> **Exercise aim**: One exact copy of the listing, minus the images, is the required answer.

[Given data — start]

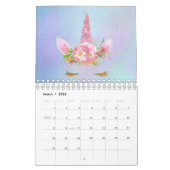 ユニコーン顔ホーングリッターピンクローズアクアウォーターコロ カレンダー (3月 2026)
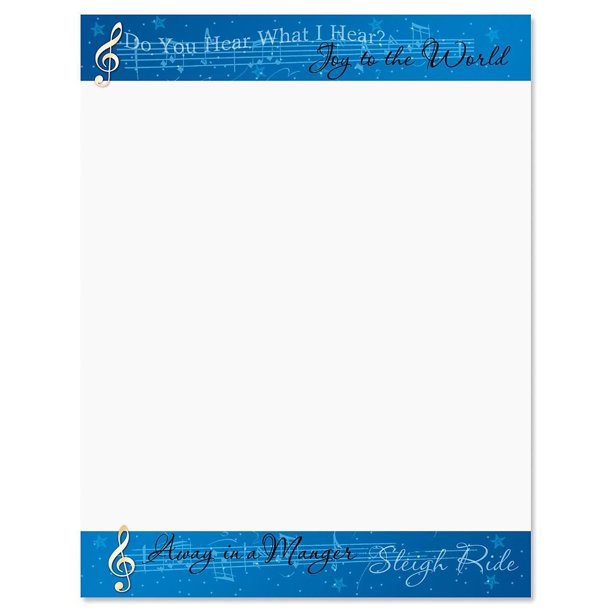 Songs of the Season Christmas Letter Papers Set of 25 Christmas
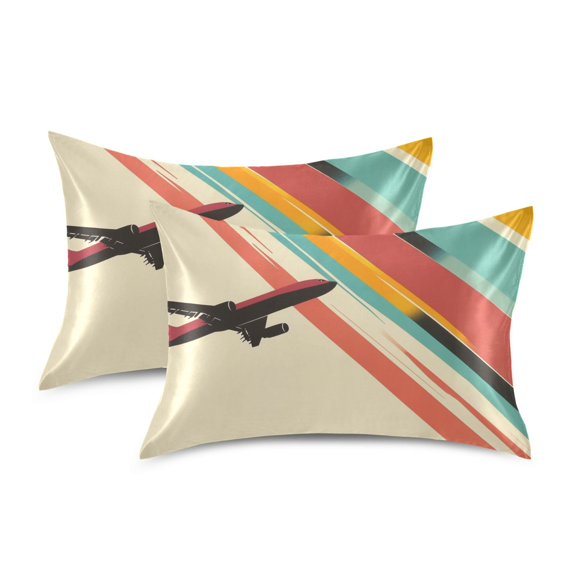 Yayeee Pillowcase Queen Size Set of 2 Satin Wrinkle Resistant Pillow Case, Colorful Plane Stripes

[Given data — finish]

> **Answer for the task**:
 ユニコーン顔ホーングリッターピンクローズアクアウォーターコロ カレンダー (3月 2026)
 Songs of the Season Christmas Letter Papers Set of 25 Christmas
 Yayeee Pillowcase Queen Size Set of 2 Satin Wrinkle Resistant Pillow Case, Colorful Plane Stripes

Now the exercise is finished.